Y si el marco tiene un tratamiento envidiable, soportado por unos efectos especiales realmente sobresalientes y al servicio de la trama, qué decir del personaje de David. El robot, al que da vida Fassbender con su habitual talento, es todo un "robaplanos" que eclipsa sin problemas a un resto del reparto falto de profundidad. Desde las secuencias de su rutina en la fase previa al despertar de los navegantes hasta su inquietante papel en el devenir de los acontecimientos, David se convierte en la piedra angular de la cinta muy por encima de la supuestamente heroína Elizabeth Shaw (una Rapace algo perdida, me temo: la leyenda de Ripley es demasiado alargada). Únicamente en una escena (el que haya visto la película sabe a cuál me refiero), la actriz demuestra que está más que capacitada para el reto, y hace esperar cotas más grandes en las próximas secuelas, porque el personaje tiene margen de crecimiento.

En cualquier caso, este tipo de cintas no son conocidas por su tratamiento de los personajes. Son las criaturas las que copan el protagonismo, y desde luego la cinta ofrece material de sobra para más de un análisis. Insisto, el que vaya esperando ver la versión que ya conoce se va a llevar una decepción, porque esta saga está destinada, supongo, a explicar cómo los diferentes cruces de razas dan lugar a la creación del Xenomorfo (el alien de toda la vida, vaya). No daré detalles de las criaturas de esta, pero en cualquier caso creo que no van a dejar a nadie indiferente. Es una suerte que ya no estemos en aquellos tiempos donde este tipo de faenas ponían a Hollywood en un brete, porque los efectos actuales permiten todo tipo de virguerías y, sin revelar nada, la última secuencia es todo un regalo para los fans de la saga. Y de nuevo, el nivel de detalle (a veces rayando en lo morboso) de ciertas escenas pondrá los pelos de punta a más de uno.

Por último, los diferentes puntos de giro de la trama, aunque arriesgados, logran el propósito de que no decaiga el interés durante toda la cinta. Los viajes a las excavaciones son siempre interesantes y aportan datos esenciales, y tanto es así que a veces uno tiene la sensación de que todo va demasiado deprisa. Las revelaciones por parte de los llamados "ingenieros" (la raza de los "space jockeys") son siempre bienvenidas, y aceleran hasta un tramo final que es verdaderamente de infarto.

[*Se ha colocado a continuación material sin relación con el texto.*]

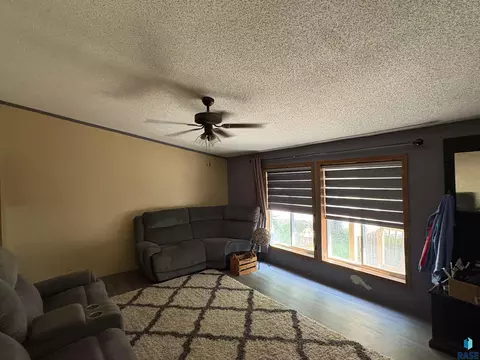 6404 W Nuthatch Pl, Sioux Falls, SD 57107 photo 8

Creo, en definitiva, que espectacularidad, entretenimiento y calidad audiovisual son los tres criterios mínimos que se le pueden pedir a este tipo de películas, y Prometheus ofrece todo eso y más. Seguramente, como ya ocurría con la tercera entrega de Batman, habrá que esperar un tiempo para poder valorar las aportaciones de la cinta a la luz de su saga, pero en cualquier caso esta es una película altamente recomendable, digna heredera de una franquicia, por desgracia, bastante maltratada.